Records provided below:
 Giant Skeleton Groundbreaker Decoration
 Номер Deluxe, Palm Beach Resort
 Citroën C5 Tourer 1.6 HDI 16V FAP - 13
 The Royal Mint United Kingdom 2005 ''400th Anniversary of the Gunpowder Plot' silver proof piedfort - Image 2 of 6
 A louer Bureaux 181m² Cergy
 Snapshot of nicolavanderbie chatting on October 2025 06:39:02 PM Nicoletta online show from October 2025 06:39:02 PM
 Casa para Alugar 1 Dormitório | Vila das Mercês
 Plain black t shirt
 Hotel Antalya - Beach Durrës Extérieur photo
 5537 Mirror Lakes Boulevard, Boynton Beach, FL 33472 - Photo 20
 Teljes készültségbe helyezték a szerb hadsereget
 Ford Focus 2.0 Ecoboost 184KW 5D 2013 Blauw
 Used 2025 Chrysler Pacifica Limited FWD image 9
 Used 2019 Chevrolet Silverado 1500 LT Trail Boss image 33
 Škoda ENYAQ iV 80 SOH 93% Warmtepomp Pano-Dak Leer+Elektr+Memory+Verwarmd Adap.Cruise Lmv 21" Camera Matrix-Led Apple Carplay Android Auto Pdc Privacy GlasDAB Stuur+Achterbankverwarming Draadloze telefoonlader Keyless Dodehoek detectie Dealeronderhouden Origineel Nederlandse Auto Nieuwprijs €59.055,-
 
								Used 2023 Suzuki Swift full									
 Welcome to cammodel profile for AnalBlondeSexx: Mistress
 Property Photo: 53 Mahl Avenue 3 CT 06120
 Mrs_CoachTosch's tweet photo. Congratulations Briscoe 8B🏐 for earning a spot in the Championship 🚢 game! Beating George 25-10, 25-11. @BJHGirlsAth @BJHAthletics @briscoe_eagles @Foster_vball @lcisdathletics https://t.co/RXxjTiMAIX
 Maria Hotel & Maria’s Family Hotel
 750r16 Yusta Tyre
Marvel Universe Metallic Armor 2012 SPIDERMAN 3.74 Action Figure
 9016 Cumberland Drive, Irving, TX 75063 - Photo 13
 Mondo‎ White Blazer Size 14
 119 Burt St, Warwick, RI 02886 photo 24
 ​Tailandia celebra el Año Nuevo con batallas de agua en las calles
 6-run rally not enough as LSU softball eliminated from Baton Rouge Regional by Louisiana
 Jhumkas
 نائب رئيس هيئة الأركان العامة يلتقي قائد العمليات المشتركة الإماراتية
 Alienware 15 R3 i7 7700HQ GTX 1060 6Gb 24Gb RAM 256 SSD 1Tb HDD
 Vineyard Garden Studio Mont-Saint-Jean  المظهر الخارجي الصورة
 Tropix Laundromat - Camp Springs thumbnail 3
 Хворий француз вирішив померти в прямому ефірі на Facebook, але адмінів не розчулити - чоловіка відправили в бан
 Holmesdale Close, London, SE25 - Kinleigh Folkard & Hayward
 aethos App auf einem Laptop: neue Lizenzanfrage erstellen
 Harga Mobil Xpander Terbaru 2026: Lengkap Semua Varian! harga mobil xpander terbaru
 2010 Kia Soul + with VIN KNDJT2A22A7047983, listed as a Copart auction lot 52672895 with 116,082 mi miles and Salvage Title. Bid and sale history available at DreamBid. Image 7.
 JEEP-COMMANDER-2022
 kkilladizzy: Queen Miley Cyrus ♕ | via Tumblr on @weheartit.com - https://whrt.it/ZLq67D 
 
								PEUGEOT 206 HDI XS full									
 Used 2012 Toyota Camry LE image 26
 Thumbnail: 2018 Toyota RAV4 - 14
End of Records provided.
• Work order: If a line in the records above contains the word "Hotel", count it, then give the total and nothing else.

• Answer area: 2